• EXERCISE DIRECTIONS:
An acceptable answer repeats exactly the line containing "Ältere Mutter Tochter" and all lines that follow it in the listing below, and it includes no pictures.

• DATASET:

┄┄┄┄┄┄┄┄┄┄

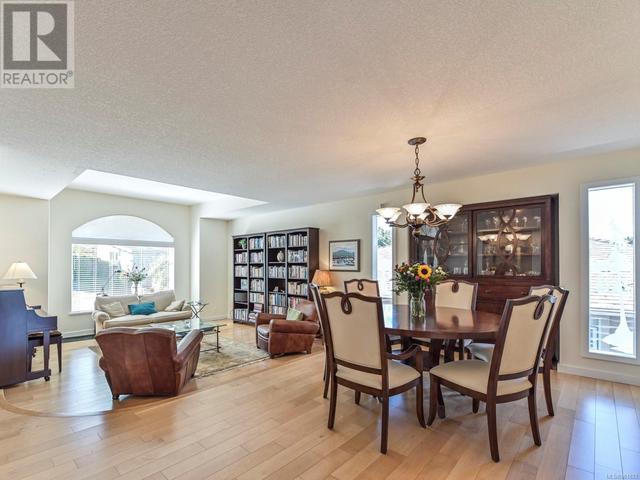 5386 Georgiaview Cres, House detached with 4 bedrooms, 4 bathrooms and 4 parking in Nanaimo BC | Image 5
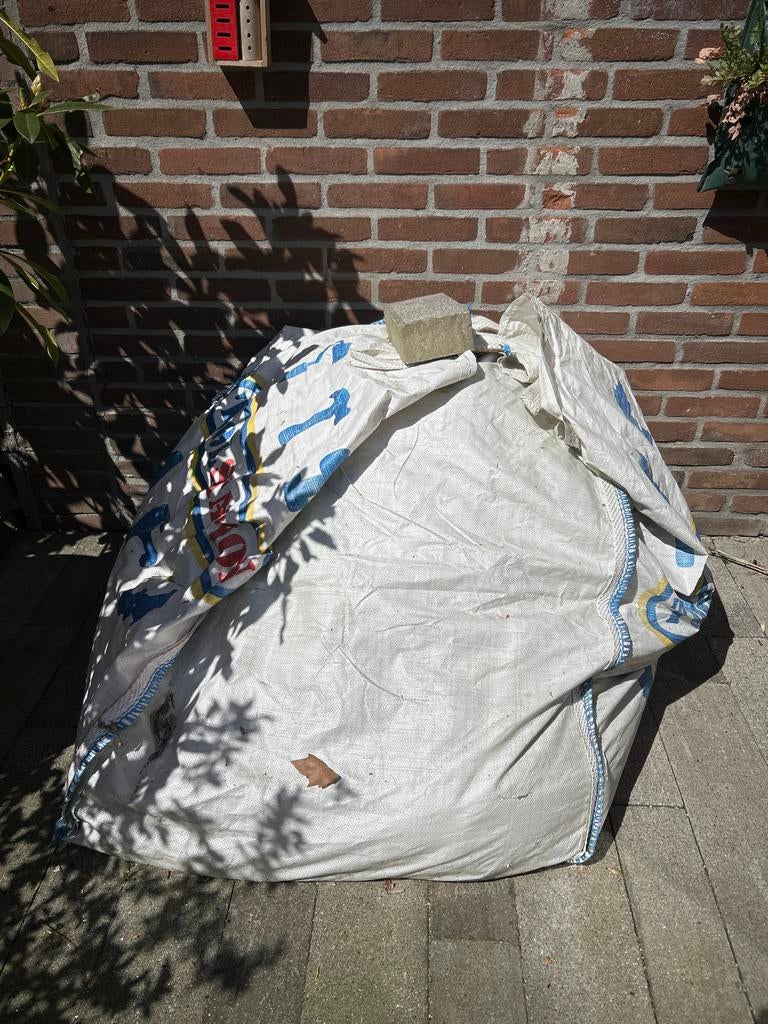 Grote zak zand voor tuin of bouwproject, Tuin en Terras, Zand, Ophalen of Verzenden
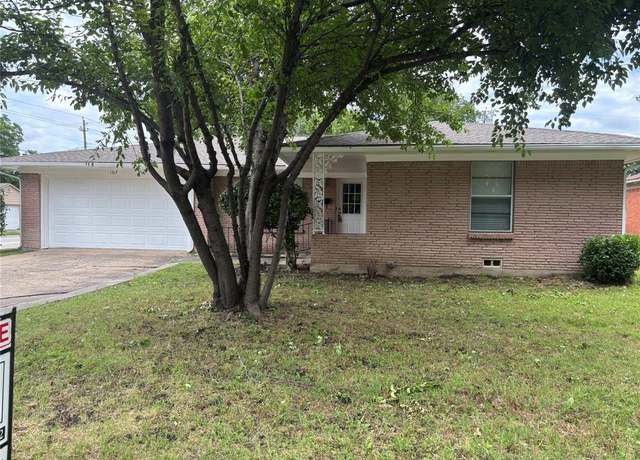 Property at 1312 N Graves St, Mckinney, TX 75069, 3 beds, 1.5 baths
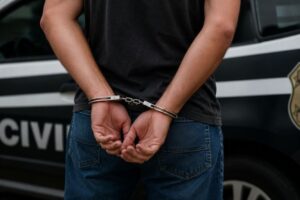 Suspeita de tráfico leva PM a abordar homem procurado pela Justiça em Brusque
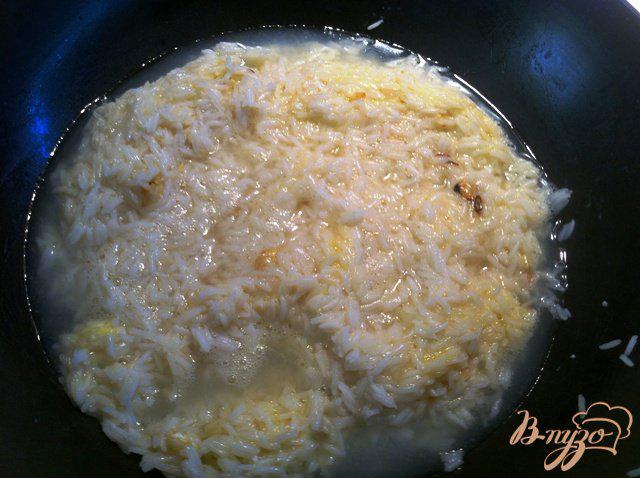 Фото приготовление рецепта: Рис с чесноком по японски шаг №6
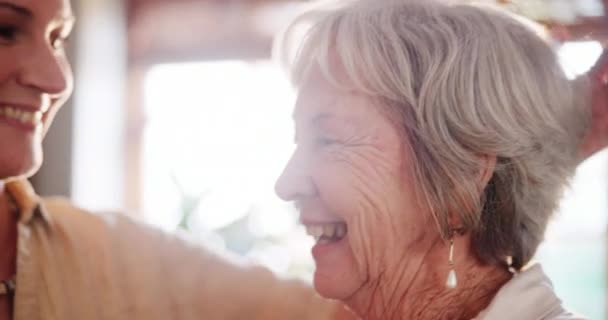 Ältere Mutter Tochter Und Gesicht Mit Umarmung Für Einen Fürsorglichen — Stockvideo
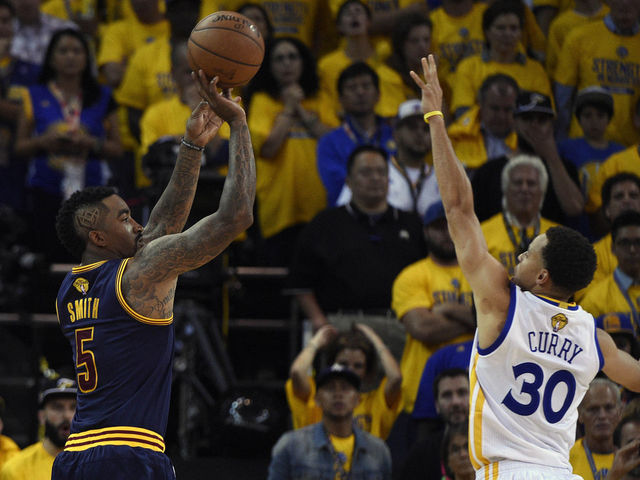 Cavs' Game 1 notes: J.R. rues shot selection, team bus left without Dellavedova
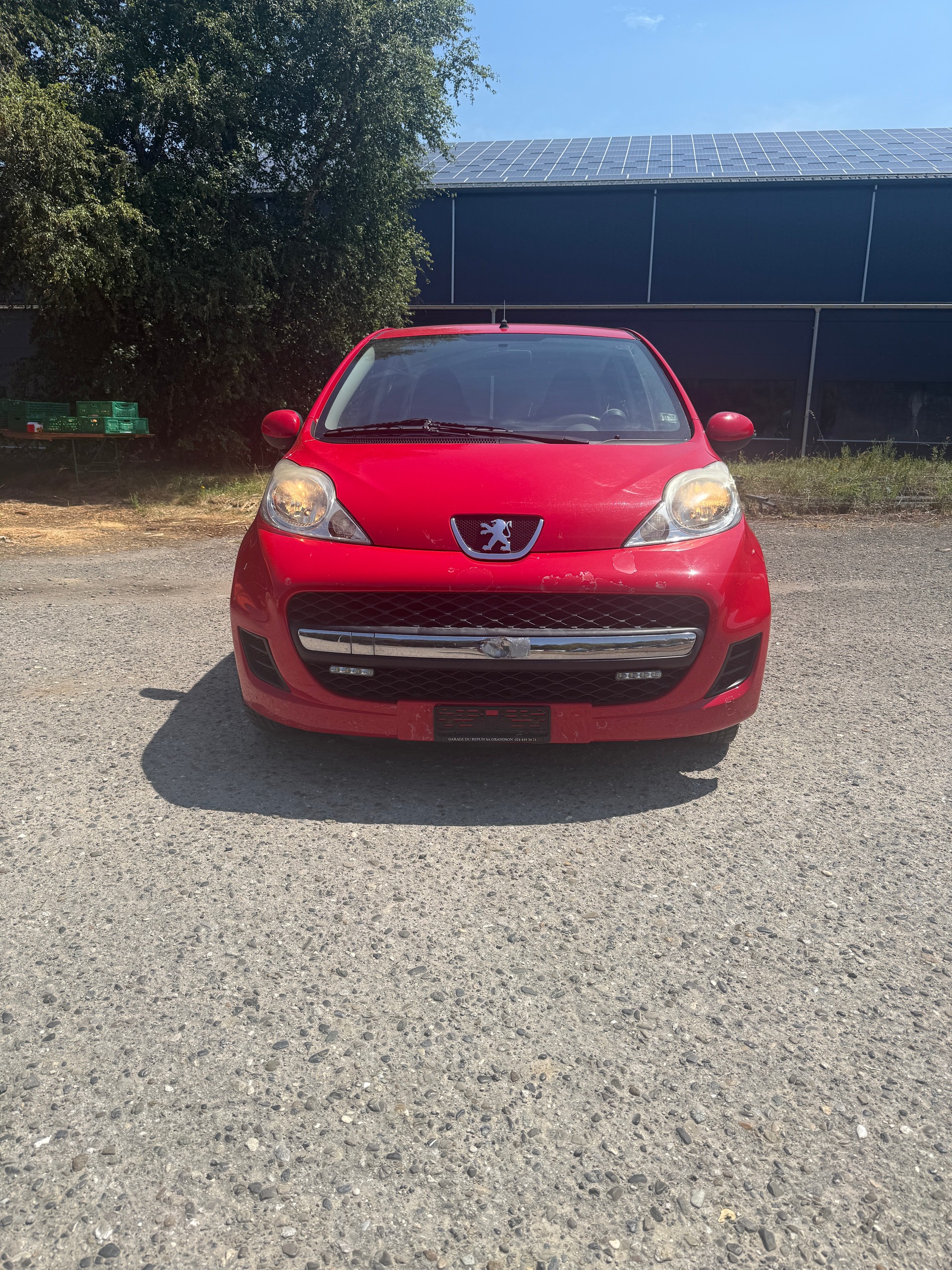 PEUGEOT 107 1.0 Swiss Edition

┄┄┄┄┄┄┄┄┄┄

• SOLUTION TO THE EXERCISE:
 Ältere Mutter Tochter Und Gesicht Mit Umarmung Für Einen Fürsorglichen — Stockvideo
 Cavs' Game 1 notes: J.R. rues shot selection, team bus left without Dellavedova
 PEUGEOT 107 1.0 Swiss Edition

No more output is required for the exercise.